Configuring TimescaleDB

TimescaleDB works with the default PostgreSQL server configuration settings. However, we find that these settings are typically too conservative and can be limiting when using larger servers with more resources (CPU, memory, disk, etc). Adjusting these settings, either automatically with our tool timescaledb-tune or manually editing your machine’s postgresql.conf, can improve performance.

TIP:You can determine the location of postgresql.conf by running SHOW config_file; from your PostgreSQL client (e.g., psql).

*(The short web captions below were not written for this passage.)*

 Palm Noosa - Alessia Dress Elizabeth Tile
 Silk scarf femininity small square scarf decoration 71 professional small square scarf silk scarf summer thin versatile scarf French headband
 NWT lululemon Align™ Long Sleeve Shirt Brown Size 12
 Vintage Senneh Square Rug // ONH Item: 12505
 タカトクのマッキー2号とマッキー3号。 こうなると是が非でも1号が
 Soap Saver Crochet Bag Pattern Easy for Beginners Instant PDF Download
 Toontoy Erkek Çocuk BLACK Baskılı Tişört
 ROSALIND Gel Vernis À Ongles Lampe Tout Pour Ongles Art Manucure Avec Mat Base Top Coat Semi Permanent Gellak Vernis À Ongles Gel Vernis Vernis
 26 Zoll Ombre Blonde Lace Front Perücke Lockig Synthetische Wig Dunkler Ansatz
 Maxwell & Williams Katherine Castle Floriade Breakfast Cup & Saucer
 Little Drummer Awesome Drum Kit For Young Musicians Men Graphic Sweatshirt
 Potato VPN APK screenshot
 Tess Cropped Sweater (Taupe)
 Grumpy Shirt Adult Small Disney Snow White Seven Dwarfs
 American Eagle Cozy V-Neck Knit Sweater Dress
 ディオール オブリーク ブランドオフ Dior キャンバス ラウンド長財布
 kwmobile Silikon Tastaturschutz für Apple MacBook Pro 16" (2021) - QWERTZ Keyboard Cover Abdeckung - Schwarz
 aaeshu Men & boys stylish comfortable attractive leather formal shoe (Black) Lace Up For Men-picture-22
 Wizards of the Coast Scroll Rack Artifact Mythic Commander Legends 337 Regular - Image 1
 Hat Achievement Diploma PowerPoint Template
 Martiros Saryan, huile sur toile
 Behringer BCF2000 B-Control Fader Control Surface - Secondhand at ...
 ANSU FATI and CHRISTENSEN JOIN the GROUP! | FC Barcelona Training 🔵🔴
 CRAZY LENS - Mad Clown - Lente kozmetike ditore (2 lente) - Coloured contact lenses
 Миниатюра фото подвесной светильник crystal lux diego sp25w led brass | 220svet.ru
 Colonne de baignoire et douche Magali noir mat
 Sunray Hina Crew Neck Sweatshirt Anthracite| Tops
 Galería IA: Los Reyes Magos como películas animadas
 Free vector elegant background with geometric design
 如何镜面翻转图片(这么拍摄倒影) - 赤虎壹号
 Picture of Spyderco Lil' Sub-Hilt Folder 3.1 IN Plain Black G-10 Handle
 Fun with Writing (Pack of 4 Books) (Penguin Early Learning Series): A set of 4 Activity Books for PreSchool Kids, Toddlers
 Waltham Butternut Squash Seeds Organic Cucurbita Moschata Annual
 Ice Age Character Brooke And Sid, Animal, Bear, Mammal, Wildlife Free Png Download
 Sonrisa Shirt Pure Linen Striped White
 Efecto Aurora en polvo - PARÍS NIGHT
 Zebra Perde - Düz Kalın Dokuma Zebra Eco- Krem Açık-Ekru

Recommended: timescaledb-tune

To streamline the configuration process, we’ve created a tool called timescaledb-tune that handles setting the most common parameters to good values based on your system, accounting for memory, CPU, and PostgreSQL version. timescaledb-tune is packaged along with our binary releases as a dependency, so if you installed one of our binary releases (including Docker), you should have access to the tool. Alternatively, with a standard Go environment, you can also go get the repository to install it.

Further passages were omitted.